Autor: p.kluz, Data publikacji: 2010-04-01 13:49:00
Ciężkie maszyny, wywrotki, kilkudziesięciu robotników - niecodzienny widok na Oruni. A jednak to nasza dzielnica. Jesteśmy na boisku Szkoły Podstawowej Nr 16. Co prawda, w tej chwili miejsce to nie przypomina boiska, ale już w czerwcu dochodzić będzie stąd gwar bawiących się dzieci, a nie hałas maszyn budowlanych.
Prace budowlane na boisku szkoły rozpoczęły się na początku marca tego roku, o czym pisaliśmy tutaj.
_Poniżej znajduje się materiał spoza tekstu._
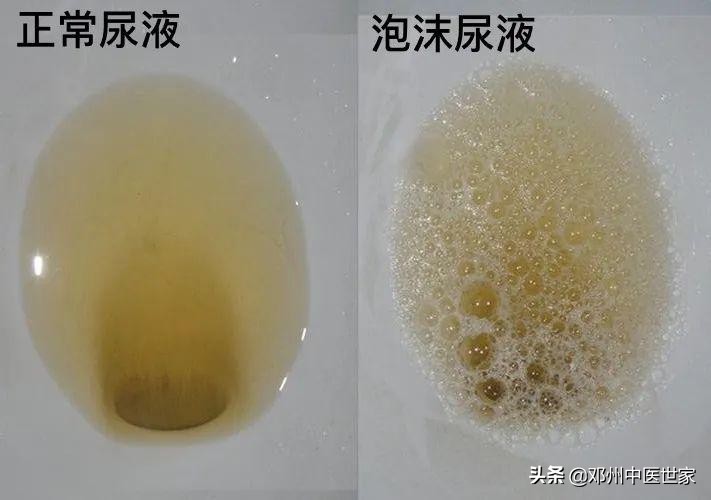 What is the reason for the foamy urine when urinating? - iNEWS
Budowa jest na etapie prac ziemnych i tworzenia podbudowy boiska. Dzisiaj na miejscu pracuje ciężki sprzęt i około 20 robotników. Z pomocą palownicy i ogromnego wiertła ustawiane są słupy umacniające fundamenty ogrodzenia. Wykonano także instalację oświelteniową obiektu. Postronnego widza zastanawiać może rozłożona na boisku kartonowa siatka.
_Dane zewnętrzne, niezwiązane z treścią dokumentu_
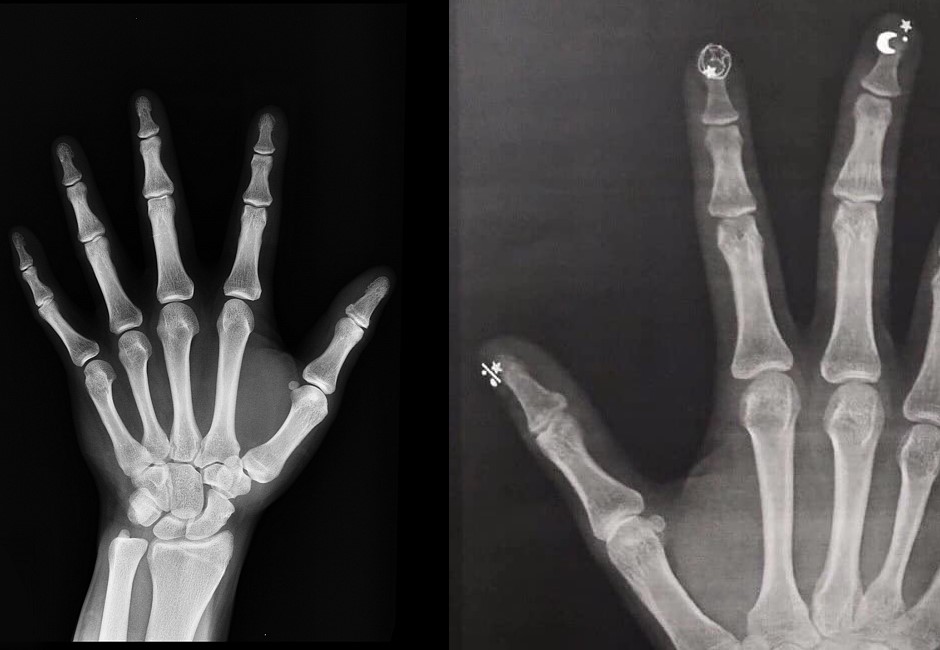 她手指夾傷照X光…網友一看結果大驚：是月光仙子！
- Jest to jedna z warstw podbudowy, geokrata – tłumaczy kierownik budowy, Wojciech Żukowski z firmy Masters. - Zasypujemy ją kruszywem i w taki sposób tworzy ona swego rodzaju materac. Wykonywane jest to ze względu na rodzaj gruntów, z jakimi mamy tutaj do czynienia. Musimy zabezpieczyć się, żeby boisko było stabilne.
Widok postępujących prac wywołuje optymizm nie tylko wśród mieszkańców.
- Jestem pełna podziwu dla profesjonalizmu firmy budowlanej i Dyrekcji Rozbudowy Miasta Gdańska oraz rozmachu, z jakim prace są wykonywane – mówi Nina Markiewicz-Sobieraj, dyrektor SP 16.
Już za dwa miesiące przy Szkole Podstawowej Nr 16 powinniśmy zobaczyć trawę i nawierzchnie poliuretanowe. Pozostanie wtedy już tylko instalacja sprzętu sportowego i przecięcie wstęgi. A później... kto zagra z nami w kosza?